I keep reading this New York Times piece over and over, hoping that it’s labeled as satire, but they’re seriously trying to make it sound like they just discovered boba.
Surely we can’t expect everyone in the U.S. to know what boba is, but The Times put out a story Wednesday with a headline that read, “The Blobs in Your Tea? They’re Supposed to Be There,” and it was a bit ridiculous. You have to wonder why The New York Times would take an approach that makes it seem like boba is something new, like if there’s not a shop on every corner in the greater Los Angeles area.
They quickly saw the error in their ways and edited their headline, but it didn’t sound much better, as the second time around they claimed that boba is now, “mainstream.”
It’s baffling that the New York Times would approve such an angle for their story, with every paragraph sounding like they just discovered a new trend, especially when less than a year ago, they put out an article where the headline started with, “Bubble Tea? So 2002…”
It seems that The NY Times were at least somewhat aware that people have been sipping on those little tapioca balls for years, and even acknowledged that it was an old trend, yet they had the audacity to publish this garbage.

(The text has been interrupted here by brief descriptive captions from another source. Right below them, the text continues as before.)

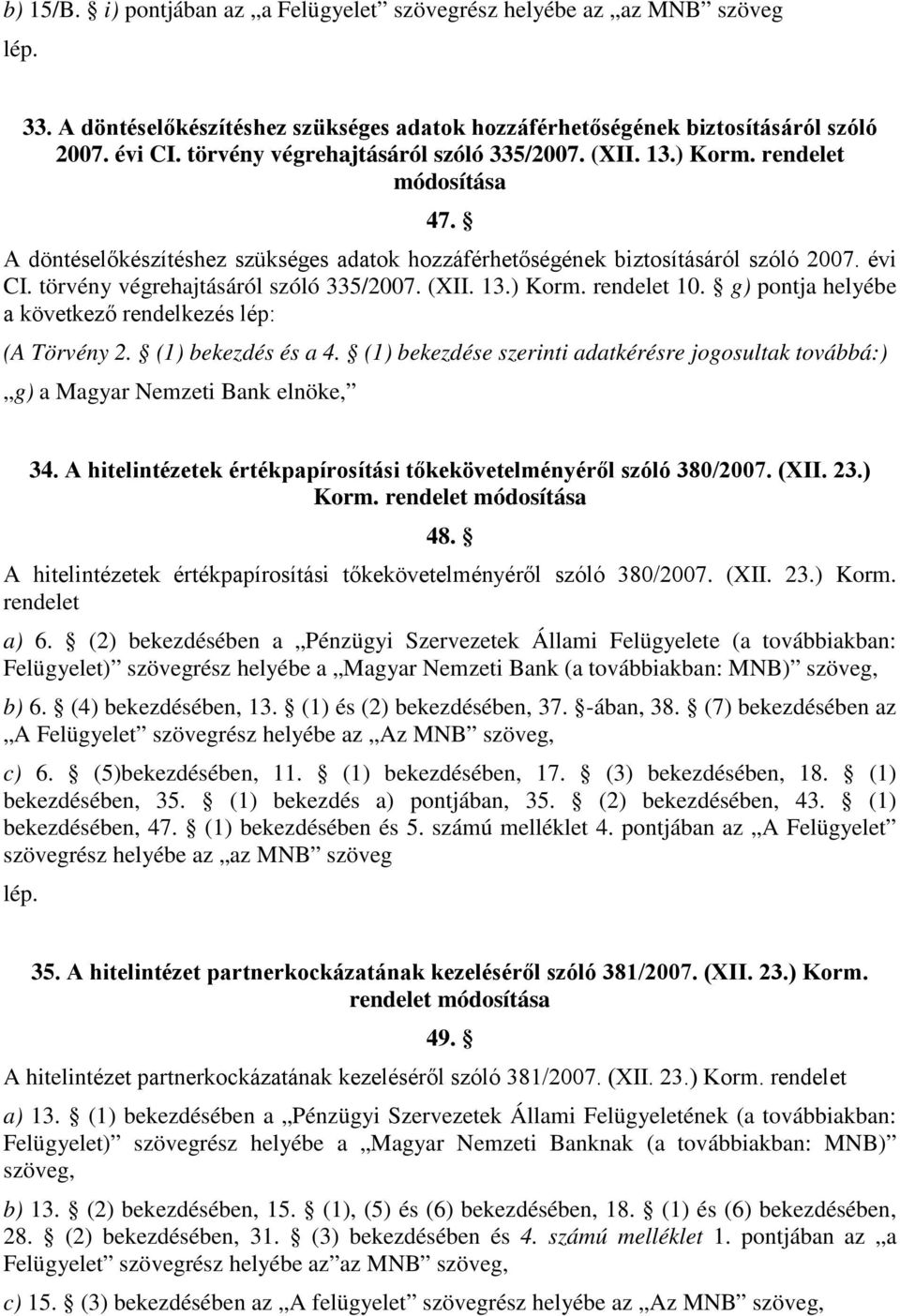 törvény végrehajtásáról szóló 335/2007. (XII. 13.) Korm. rendelet 10. g) pontja helyébe a következő rendelkezés lép: (A Törvény 2. (1) bekezdés és a 4.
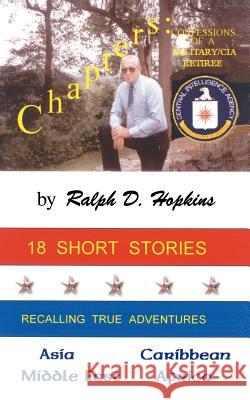 Chapters: Confessions of a Military/CIA Retiree Hopkins, Ralph D. 9781414026978 Authorhouse - książka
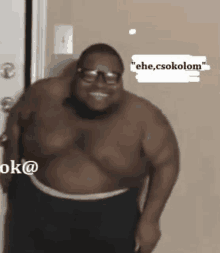 a shirtless man wearing glasses is standing in front of a door and says " ehe csokolom " on the bottom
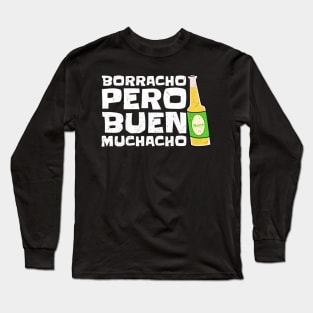 Borracho Pero Buen Muchacho,  Funny Quote Long Sleeve T-Shirt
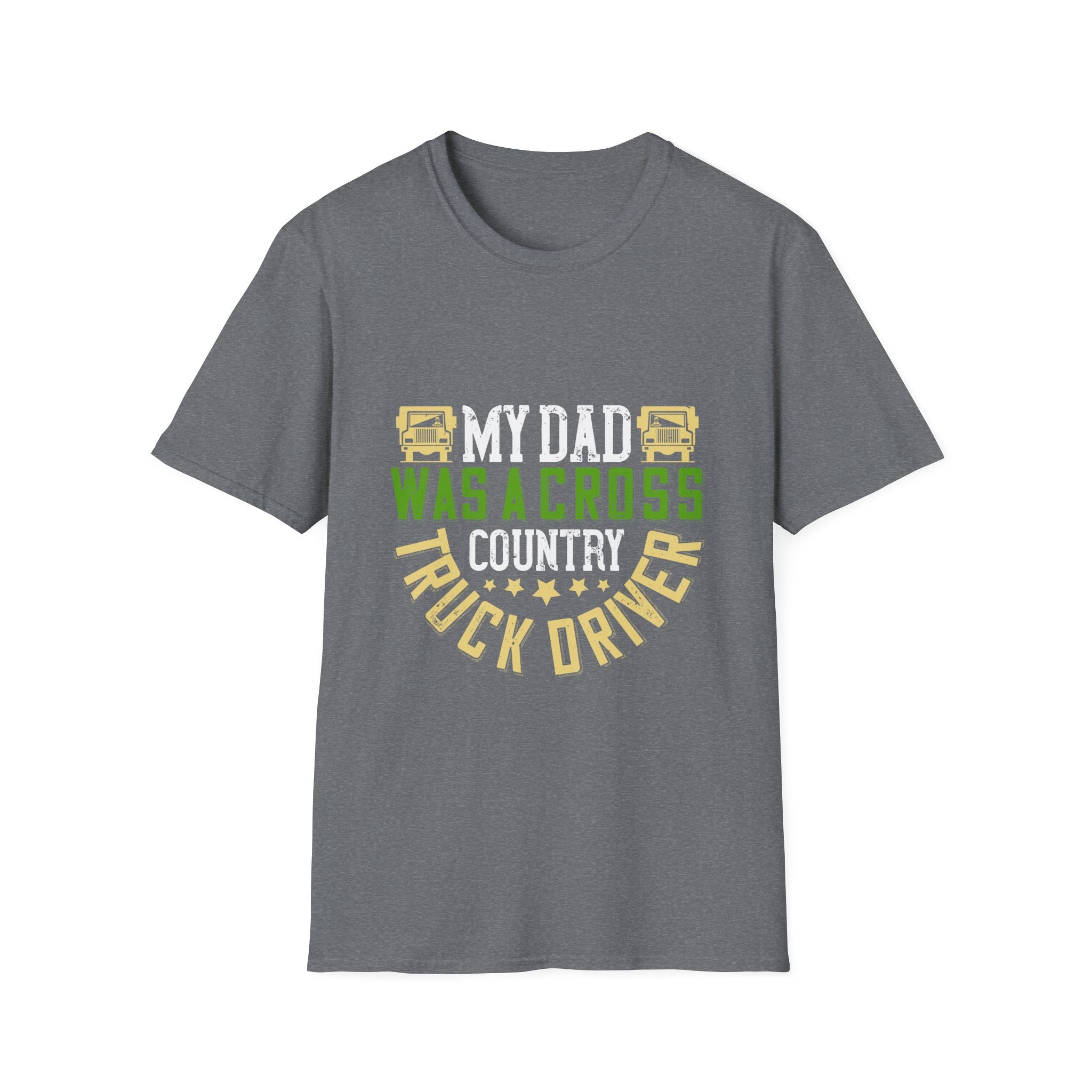 Proud Truck Driver T-Shirt, Father's Day Gift, Dad Appreciation, Cross Country Driving, Unisex Softstyle Tee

The internet was not amused, and as quickly as this story went up, it got torn down by Twitter users, especially within the Asian community, even creating a hashtag called #bobagate:
It almost feels like we’re in the Twilight Zone, with the story incorporating quotes from the president of the Tea Association of the U.S.A., saying things like boba “hasn’t hit anybody’s radar in terms of the next big trend,” and “Innovation is important to any product category.”
What? Boba hasn’t hit anybody’s radar? There are close to a million Instagram posts involving boba! Granted, some of them involve Star Wars character Boba Fett, but I think it’s safe to say that boba is on quite a few people’s radars.
It’s a bit of a shame that this article went up the way it did, because there was actually some boba history attached, along with some pretty kick-ass photos of the popular beverage, but it all gets lost behind the terrible, out-of-touch premise that this boba thing might catch on some day.
Even if you want to argue that they were trying to cater to an audience that might not be too keen on the boba concept, at the very least hammer home that it is a popular trend that’s been around and didn’t suddenly turn “mainstream.”
Hey, New York Times, I know what it’s like to try to grab the reader’s attention with a headline. In the age of digital media, you absolutely have to have an element of clickbait, but at least be accurate with it.
Much love to your experienced food writers who are trying to keep journalism alive, but in this specific instance, you played yourself.